A preview table shows the data before export with pagination controls.

Understanding Output Columns

The app adds these columns to your data:

Column Description
idtax_n Matched taxon ID in backbone database
idtax_good_n Accepted taxon ID (for synonyms)
matched_name Name found in backbone
corrected_name Final standardized name
match_method Matching strategy used (exact_species, exact_genus, exact_family, fuzzy, manual, unresolved)
match_score Similarity score (0-1)
is_synonym TRUE if matched name is a synonym
accepted_name Current accepted name (if synonym)
family Taxonomic family
genus Taxonomic genus

Advanced Options

Language Selection

The app now supports bilingual operation with French and English interfaces. French is the default language.

In the App Interface:

A language toggle is located in the top-right corner of the app: - Click “FR” for French interface - Click “EN” for English interface

The language switch is instant and affects all UI elements including: - Tab labels - Button text - Instructions and help text - Column headers - Error messages and notifications

Setting Initial Language Programmatically:

# Launch app in English
launch_taxonomic_match_app(language = "en")

# Launch app in French (default)
launch_taxonomic_match_app(language = "fr")
# or simply:
launch_taxonomic_match_app()

The language setting is interactive - users can switch languages at any time during their session without losing work progress or data.

Adjusting Fuzzy Matching

Control matching sensitivity with the min_similarity parameter:

# Very strict - only high-quality matches
launch_taxonomic_match_app(min_similarity = 0.8)

# Default setting
launch_taxonomic_match_app(min_similarity = 0.7)

# More permissive - allows lower-quality matches
launch_taxonomic_match_app(min_similarity = 0.5)

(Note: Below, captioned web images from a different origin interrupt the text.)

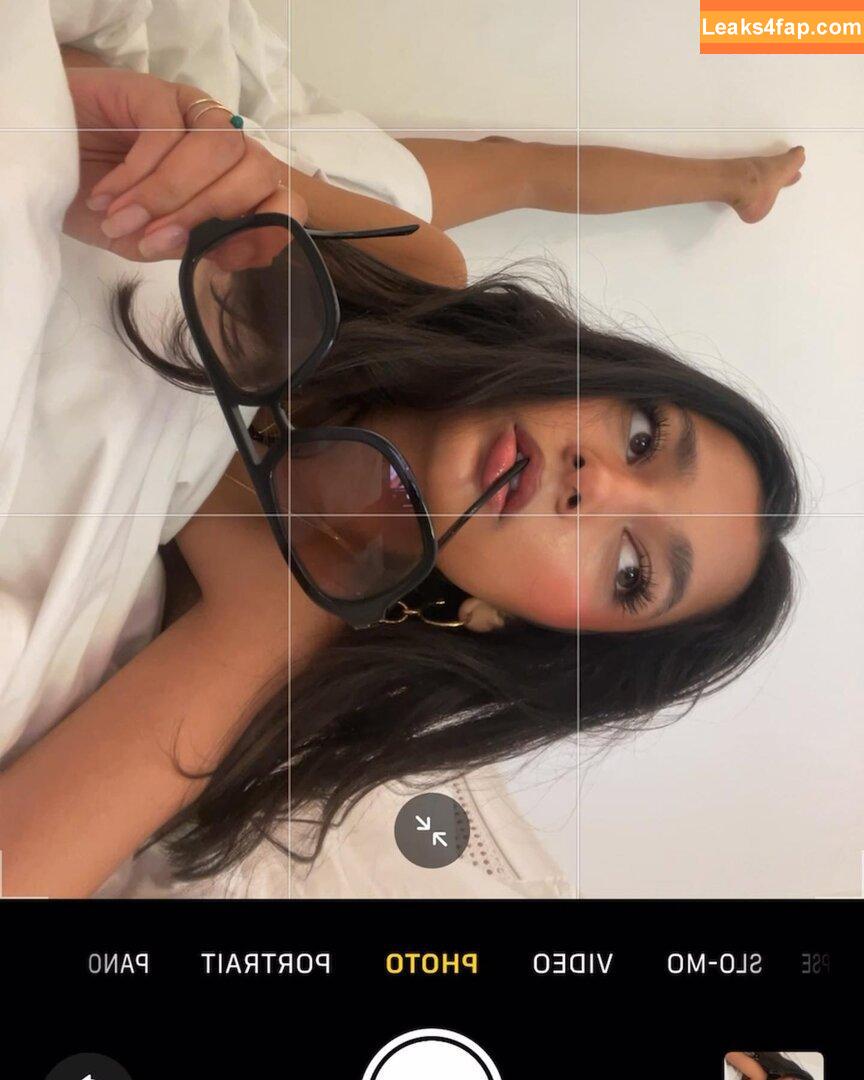 Zaina Sarah / zaina.sarah / zaina_glows / zainaontoast leaked photo photo #0083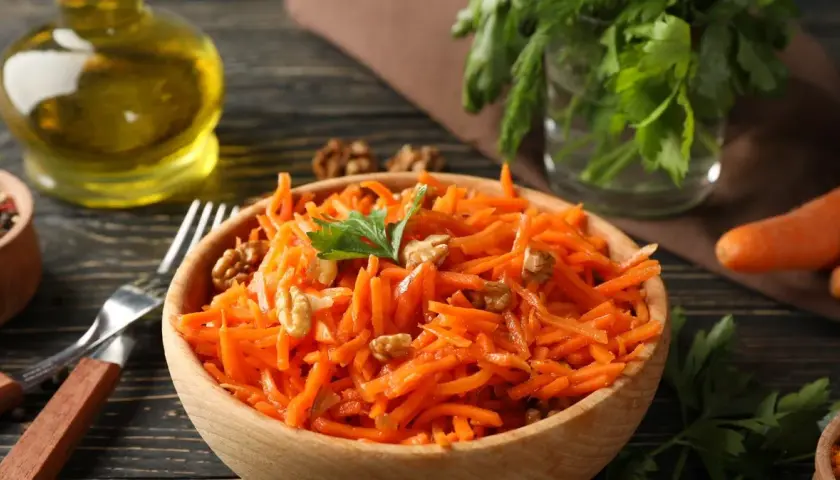 Surówka z marchewki jak z restauracji – przepis na idealny smak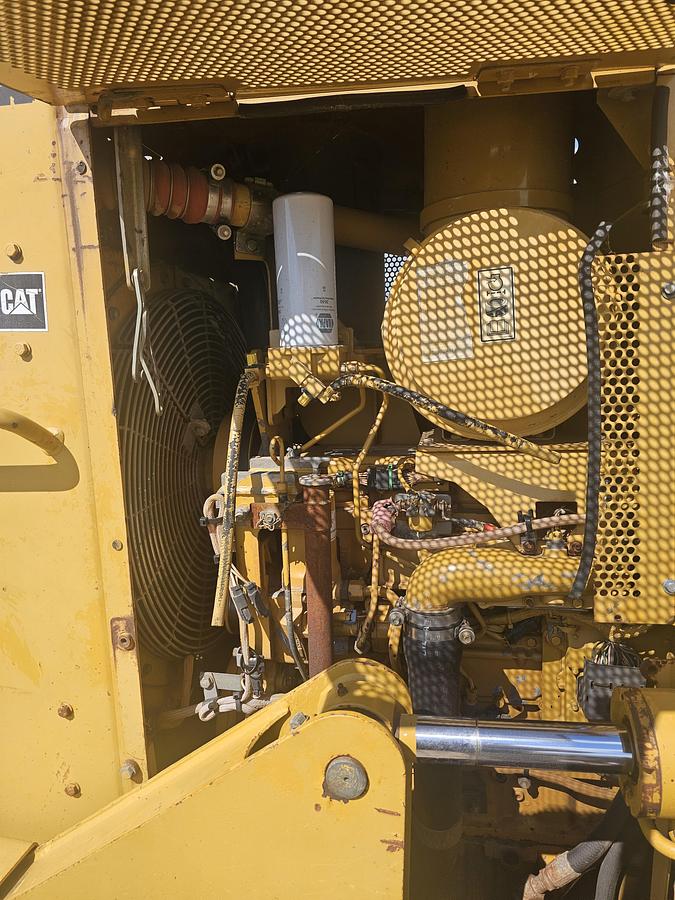 Used 2005 Caterpillar D5N LGP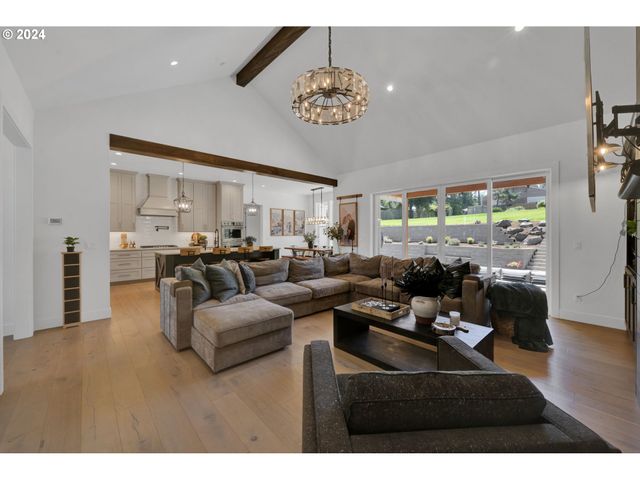 32114 DEBERRY Rd, Creswell, OR 97426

Lower values cast a wider net but may include false positives. Higher values are more conservative but may miss valid matches.

Increasing Suggestions

Show more fuzzy match suggestions per name:

# Show top 20 suggestions instead of default 10
launch_taxonomic_match_app(max_suggestions = 20)

Useful when initial suggestions don’t include the correct match. You can also adjust this interactively in the Review tab using the slider.

Function Parameters

launch_taxonomic_match_app(
  data = NULL,           # Optional: pre-load data.frame

  name_column = NULL,    # Optional: pre-select column
  min_similarity = 0.7,  # Fuzzy match threshold (0-1)
  max_suggestions = 10   # Max suggestions per unmatched name
)

Troubleshooting

Connection Issues

Problem: “Failed to connect to database”

Solution:

# Check connection
db_diagnostic()

# Reset credentials if needed
remove_db_credentials()
setup_db_credentials()

No Fuzzy Matches Found

Problem: No suggestions appear for unmatched names

Possible causes: - min_similarity threshold too high - Taxonomic names contain typos or non-standard formatting - Names not present in the taxonomic backbone (e.g., non-African taxa)

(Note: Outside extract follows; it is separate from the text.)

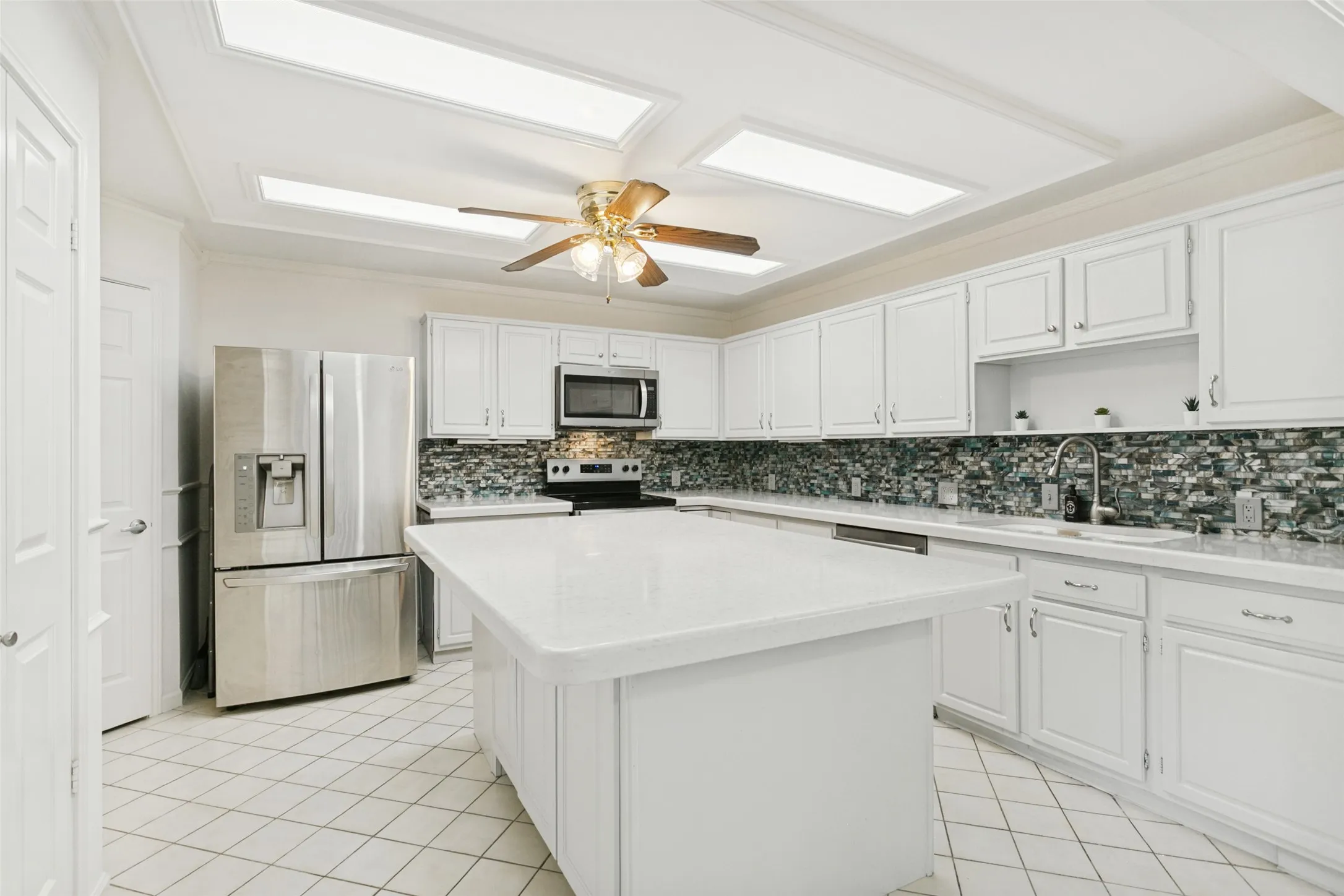 Single Family Residence For Sale in Collin County , 3908 Denham Way, Plano, Texas 75023, 4 Bedroom, 3 Bathroom, 2 Garage spaces, 2,637 Sqft, built in 1984, mls#21405245, Real Estate Agent in Plano, Homes For Sale in Collin county, Homes For Sale in Plano, Realtor in Plano Texas, Real Estate Brokerage Independent Realty Texas, Luminita Cordes Realtor
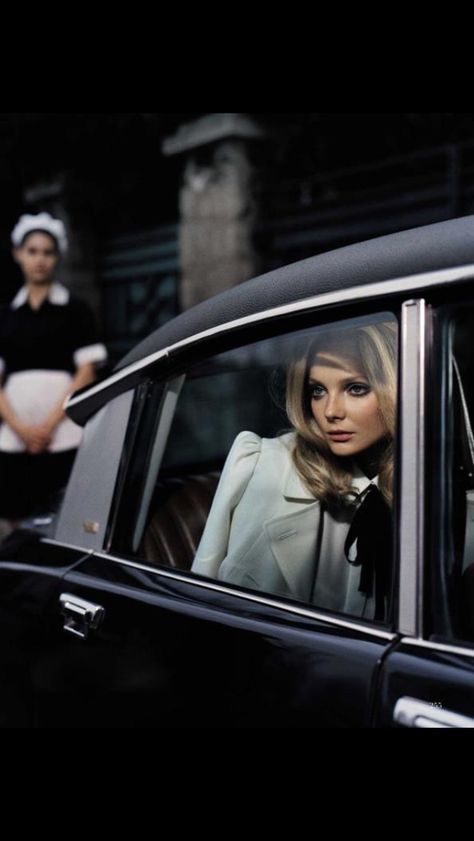 Citroen DS Vincent Peters, Eniko Mihalik, Vogue Spain, Retro Mode, Catherine Deneuve, Citroen Ds, Car Girls, Editorial Photography, A Car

Solutions: - Lower min_similarity: launch_taxonomic_match_app(min_similarity = 0.5) - Use the taxonomic level filter to search at genus or family level - Clean input names (remove extra spaces, fix obvious typos) - Verify names are African taxa

Slow Matching Performance

Problem: Matching takes very long for large datasets

Solutions: - Use batch processing instead: match_taxonomic_names() for programmatic workflow - Process data in chunks (split large datasets) - The app downloads the entire backbone once for efficiency, so initial load may be slow

When to Use the App vs. Programmatic Approach

Use the Shiny App when:

  • Exploring data interactively
  • You prefer visual interfaces
  • Dataset is small to medium size (<5,000 rows)
  • Need to manually review uncertain matches
  • Learning the matching process

Use match_taxonomic_names() when:

  • Processing large datasets (>5,000 rows)
  • Automating workflows in scripts
  • Integrating with data pipelines
  • Reproducibility is critical (NEVER REMOVE THE COLUMN THAT CONTAINS THE ORIGINAL NAME)
  • Batch processing multiple files

Example programmatic approach:

# Load data
my_data <- read.csv("tree_inventory.csv")

# Match names
matched <- match_taxonomic_names(
  names = my_data$species_name,
  min_similarity = 0.7
)

# Merge back with original data
result <- cbind(my_data, matched)

# Export
write.csv(result, "standardized_inventory.csv", row.names = FALSE)

See Also

Tips for Best Results

  1. Clean your data first: Remove obvious typos, extra whitespace, and special characters
  2. Understand your data: Know which taxonomic groups are in your dataset
  3. Use multi-column mode: If you have separate genus/species/family columns, combine them for better matching
  4. Filter by taxonomic level: Use the level filter in Review tab to find genus or family matches
  5. Review match scores: Don’t blindly accept low-similarity matches (<0.6)
  6. Save incrementally: Export intermediate results to avoid losing manual review work
  7. Document parameters: Note which min_similarity value you used for reproducibility

Example Workflow

Here’s a complete workflow from start to finish:

# 1. Load your data
trees <- read.csv("forest_inventory.csv")
# Columns: plot_id, tree_number, species_name, dbh, height

# 2. Launch app with data
launch_taxonomic_match_app(
  data = trees,
  name_column = "species_name",
  min_similarity = 0.7
)

# 3. In the app:
#    - Review automatic matches in Auto Match tab
#    - Use Review tab to resolve unmatched names
#    - Apply taxonomic level filters if needed
#    - Optionally enrich with traits in Traits Enrichment tab
#    - Export as "forest_inventory_standardized.xlsx"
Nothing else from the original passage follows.